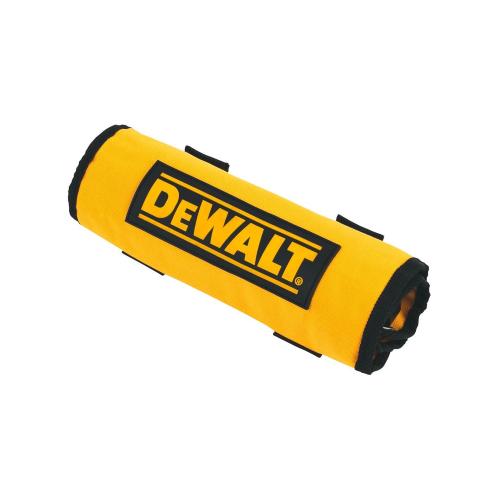Set di 98 pezzi arrotolare per forare e avvitare DeWALT DT7981-QZ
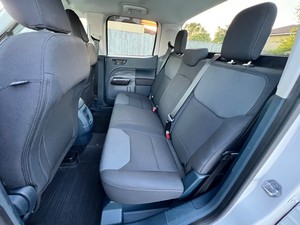 ฟอร์ด มาเวอริค XL ปี 2024 สภาพดีเยี่ยม เบาะหนัง เกียร์อัตโนมัติ - Product Image 4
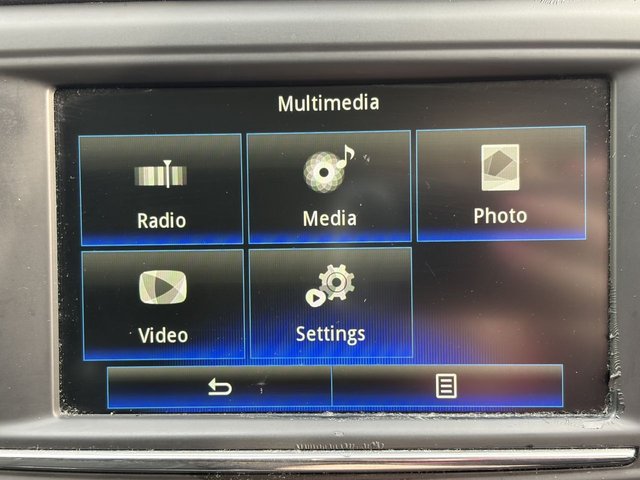 2017 RENAULT KADJAR - Photo 12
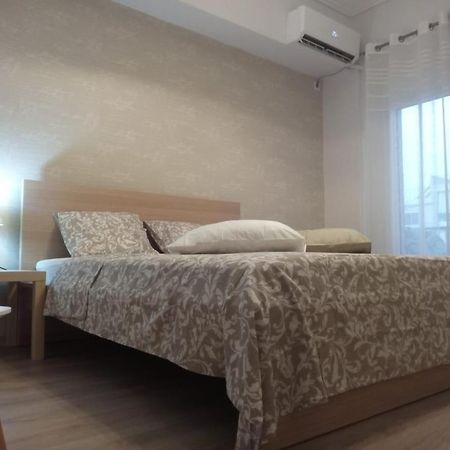 Appartamento Olibia Atene Esterno foto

:::

_Aim of the exercise_
Repeat the listing exactly; do not print any picture.

_Response to this exercise_
Set di 98 pezzi arrotolare per forare e avvitare DeWALT DT7981-QZ
 ฟอร์ด มาเวอริค XL ปี 2024 สภาพดีเยี่ยม เบาะหนัง เกียร์อัตโนมัติ - Product Image 4
 2017 RENAULT KADJAR - Photo 12
 Appartamento Olibia Atene Esterno foto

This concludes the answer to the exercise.